Ca commence dans moins d'une semaine, le compte à rebourd bernois me l'a remis à l'esprit ce matin sur le chemin de mon travail. Comme si j'allais l'oublier! Il n'y a plus que ça. Tout tourne là-autour. La grande bastringue footballistique va bientôt débuter avec son flon-flon habituel, ses petits drapeaux, partout, partout. C'est fou comme la fibre patriote s'associe facilement au ballon rond. Je ne sais pas quel cri d'oiseau suisse il faut associer au "cocorico" français mais là, j'en ai presque la nausée. Drapeau suisse rectangle avec pub Carlsberg, drapeaux suisses sur les voitures, ambiance cortège diplomatique, drapeaux suisses aux balcons faisant concurrence aux drapeaux portugais, espagnols, français ou turcs: tiens, dans ce quartier, c'est plutôt rouge et vert, là, plutôt rouge-blanc-bleu... Drapeaux suisses dans les vitrines pour vanter des nouveaux caquelons à fondue, du coup que des supporters hollandais auraient envie d'en manger une petite avant de monter dans les gradins. Drapeaux suisses, drapeaux suisses, drapeaux suisses.

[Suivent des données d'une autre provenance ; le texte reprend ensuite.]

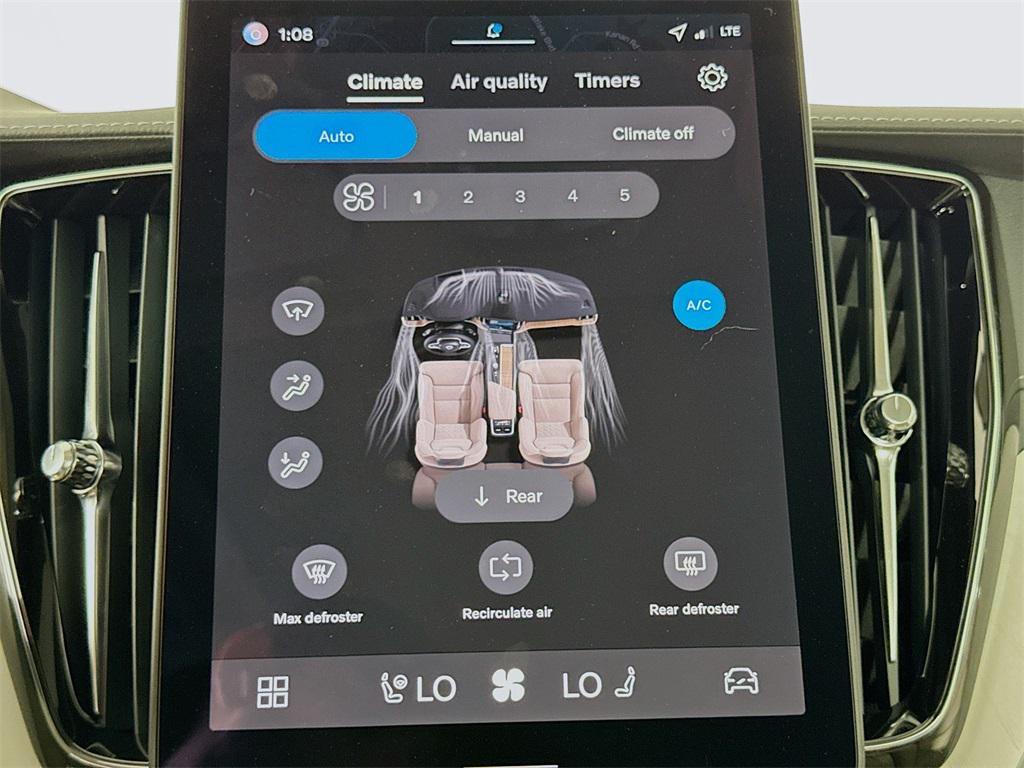 new 2026 Volvo XC60 car, priced at $63,935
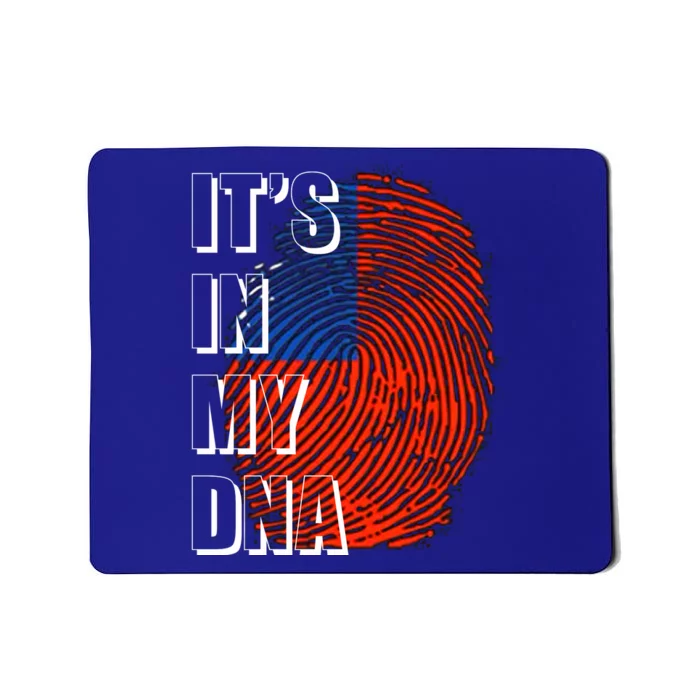 Its In My Dna Taiwan Flag Gift Mousepad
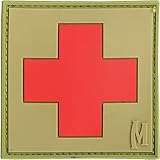 Maxpedition Gear Medic 2 Patch, Arid, 2 x 2-Inch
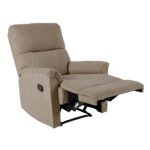 Tugitool GUSTAV manuaalne recliner 80x92xH104cm, tumebeež Elutoamööbel Elutuppa jõuludeks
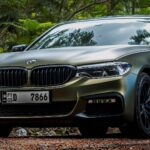 BMW wrapped with Golden Black Matt finish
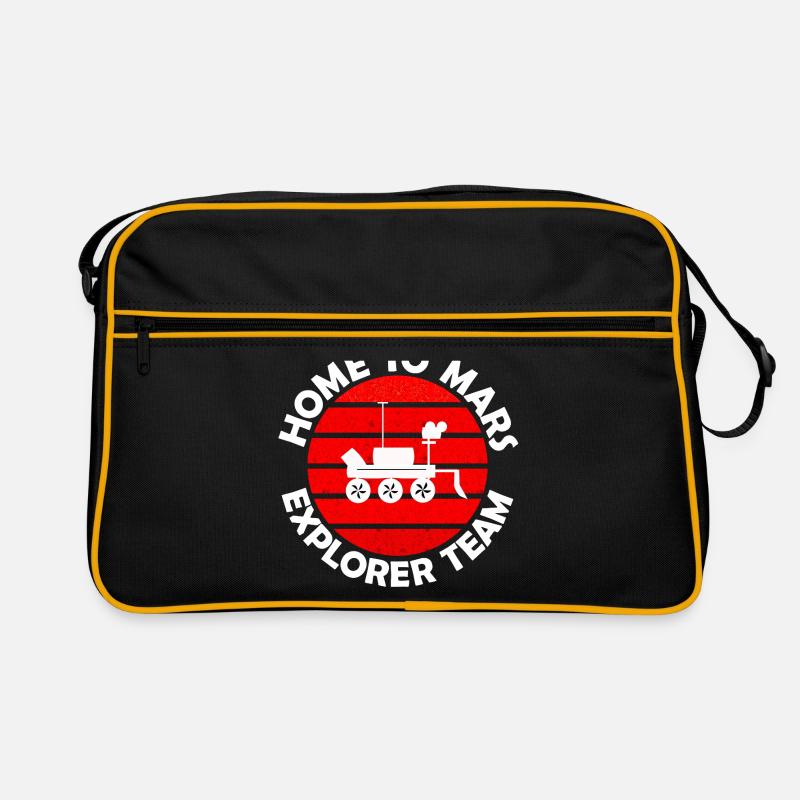 La découverte de Mars Sac Retro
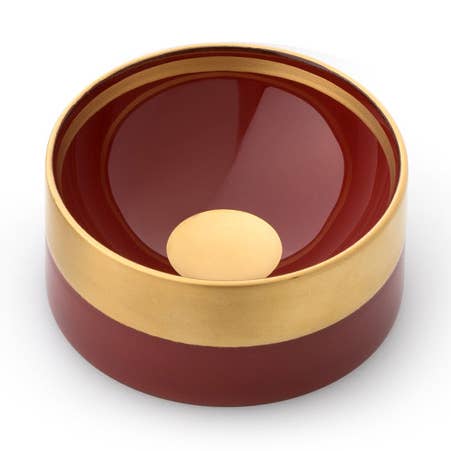 Sake Cup "SAKASATSUKI - Ariake" - Wooden Lacquer Craft for wholesale by isuke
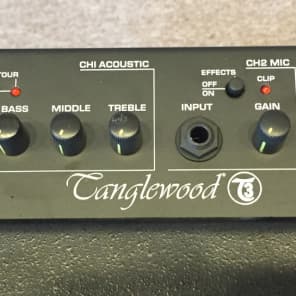 Tanglewood T3 Acoustic Amp  Black image 3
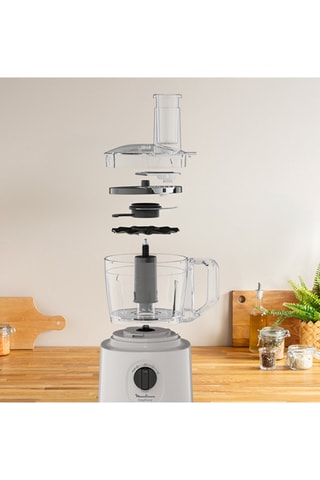 Multifunctionele Keukenmachine Easy Force - 2,4 l - Wit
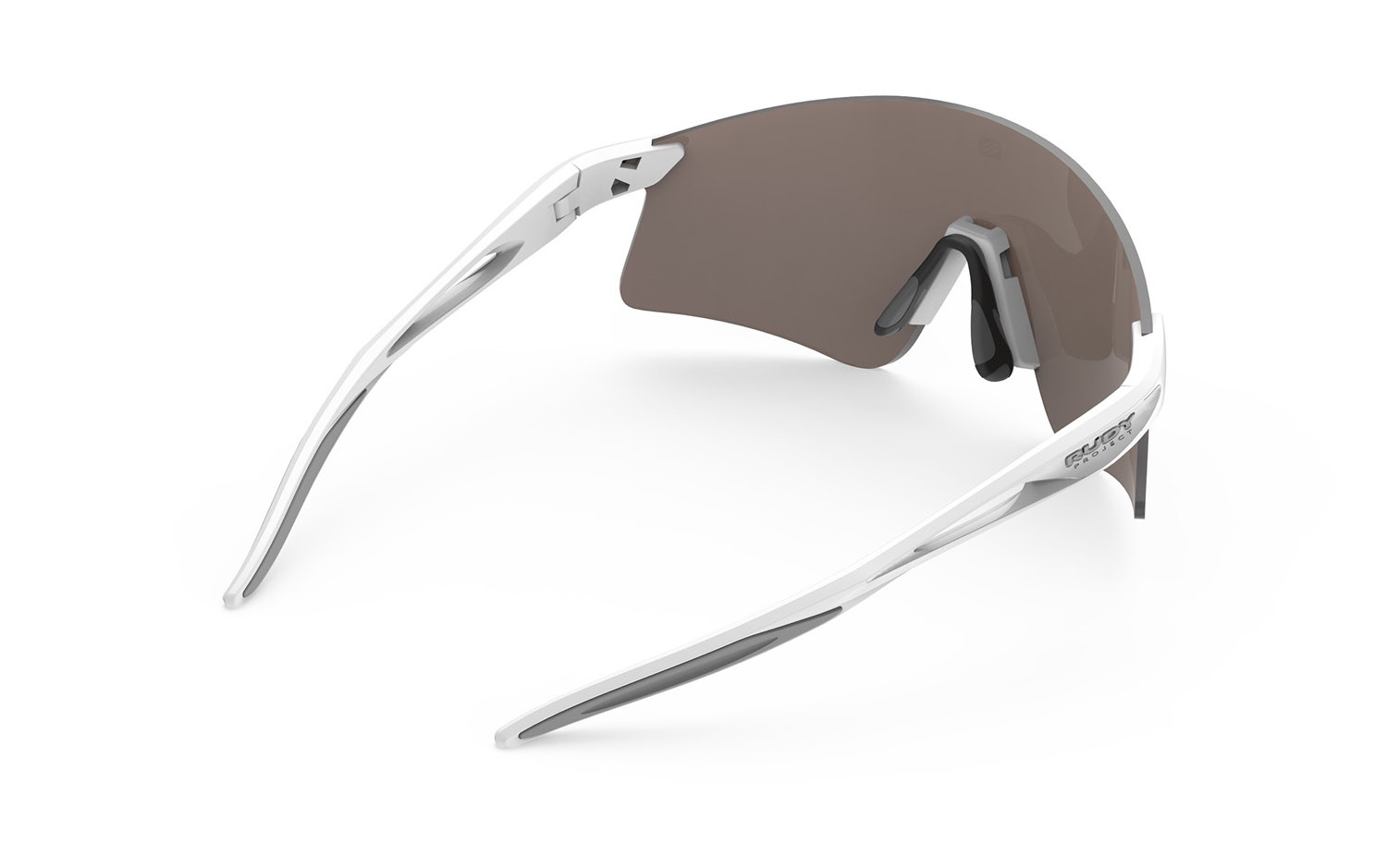 Occhiali da sole Rudy Project Astral X SP945458-0001 colore white matte lenti multilaser rose gold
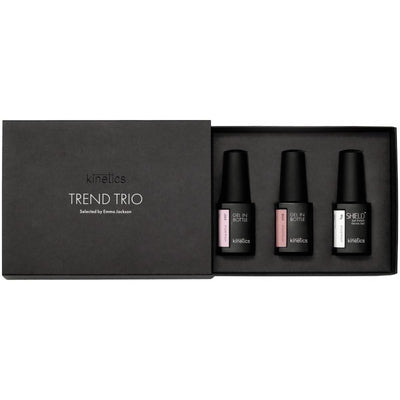 Nagų lakų rinkinys Kinetics Trend Trio Kit KTTK01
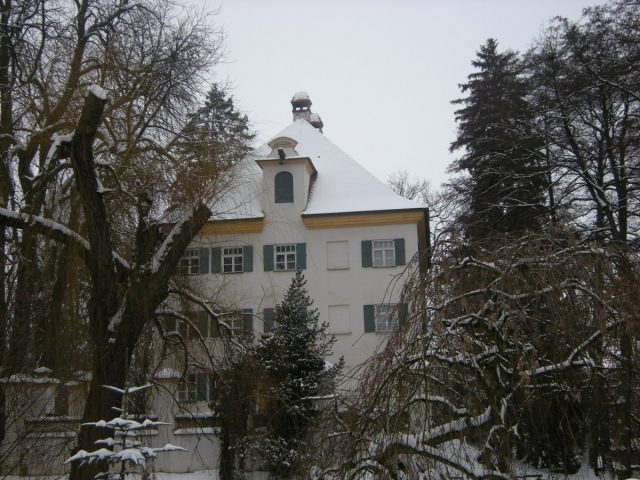 Kleinkötz Castle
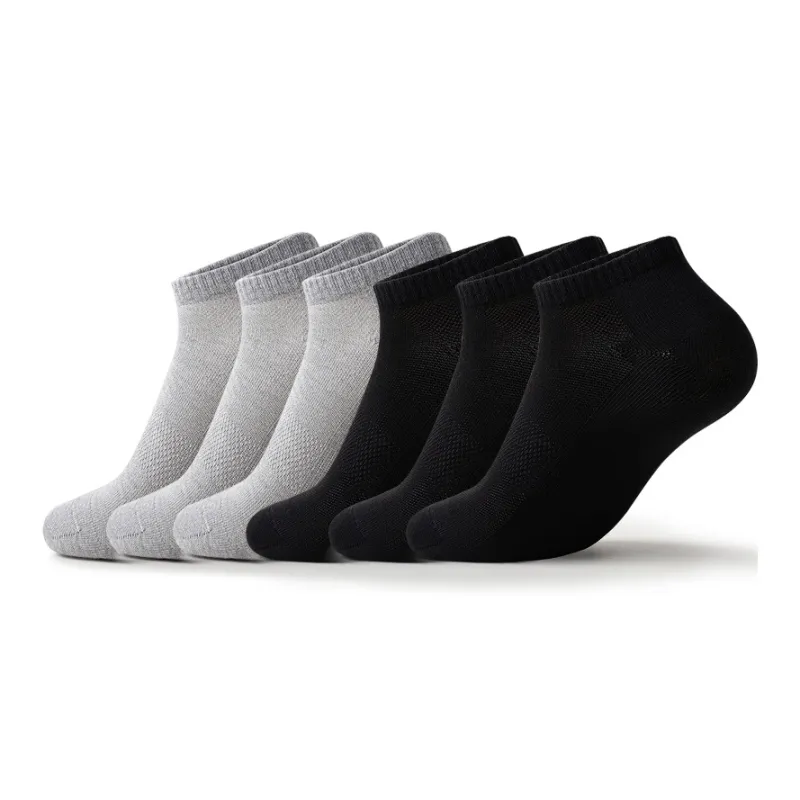 SHIWAJI Ankle Socks Unisex 6 Pack-9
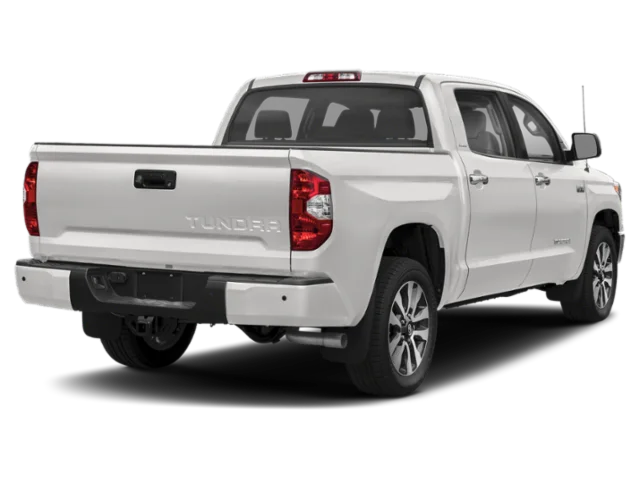 Used 2018 White Toyota Limited image 2
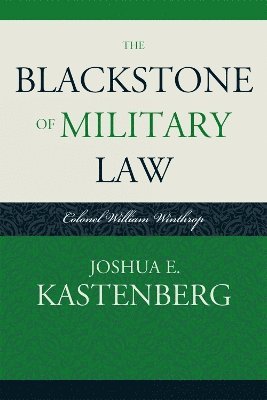 Blackstone of Military Law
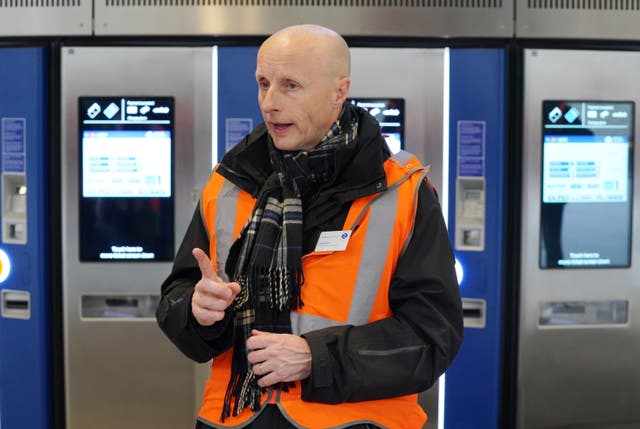 Transport for London commissioner Andy Byford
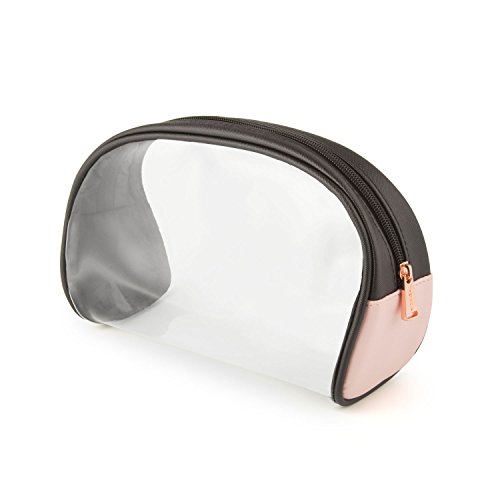 Cosmetic bag Clear makeup Pouch with Good Quality Zipper for Women Transparent Sundry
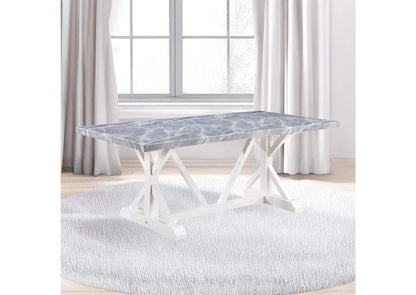 DN02159 Hollyn Dining Table with Engineered Stone Top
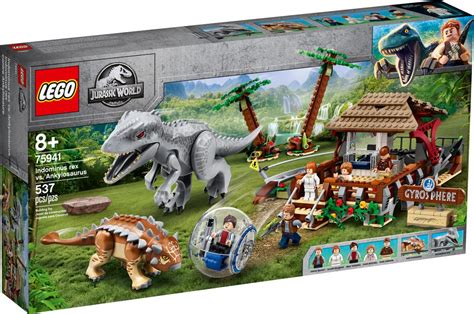 New LEGO Jurassic World sets for summer 2020 now available in the ...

Impréssionnant de voir le réveil de la fibre patriotique du buveur de bière helvétique après le troisième but et la dix-septième bière. Impréssionnant de voir cette suspente de linge national aux balcons de nos concitoyens à l'avant-veille du coup de sifflet.
Mais qu'ont-ils fait tous ces braves patriotes, le jour où il a fallu voter, servir ou montrer un élan de solidarité? Où étaient-ils le jour où il a fallu porter le drapeau suisse sur la manche d'un uniforme? Où étaient-ils le jour des bonnes actions pour l'ensemble?
Le patriotisme "petit drapeau" passera comme passent les mi-temps et sous peu chacun retournera à son marasme individuel où la nation ne représente plus grand'chose et où l'affichage d'un drapeau peut paraitre fachisant.